Information given:
◇ ◇ ◇ ◇

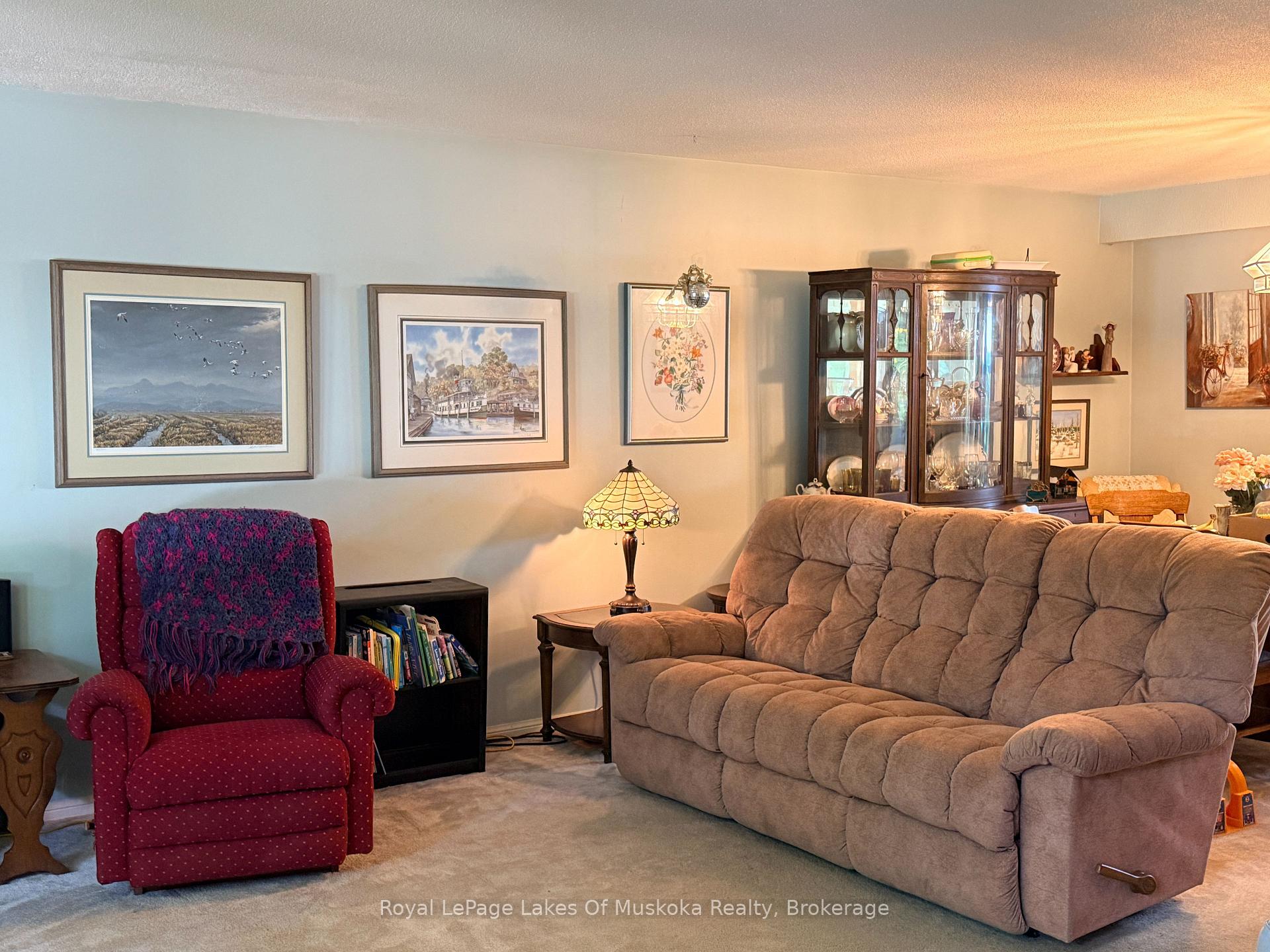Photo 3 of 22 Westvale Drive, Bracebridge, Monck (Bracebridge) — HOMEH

◇ ◇ ◇ ◇

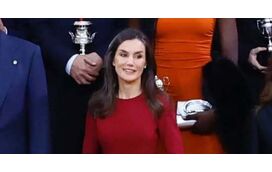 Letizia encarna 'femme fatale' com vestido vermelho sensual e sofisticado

◇ ◇ ◇ ◇

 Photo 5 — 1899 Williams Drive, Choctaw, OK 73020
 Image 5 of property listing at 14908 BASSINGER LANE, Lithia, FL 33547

◇ ◇ ◇ ◇

What you have to do:
Within the listing above, the range opens at the line with "Photo 5 — 1899" and closes at the line with "Image 5 of property". Reproduce exactly the lines of that range, including both ends.

Expected answer:
 Photo 5 — 1899 Williams Drive, Choctaw, OK 73020
 Image 5 of property listing at 14908 BASSINGER LANE, Lithia, FL 33547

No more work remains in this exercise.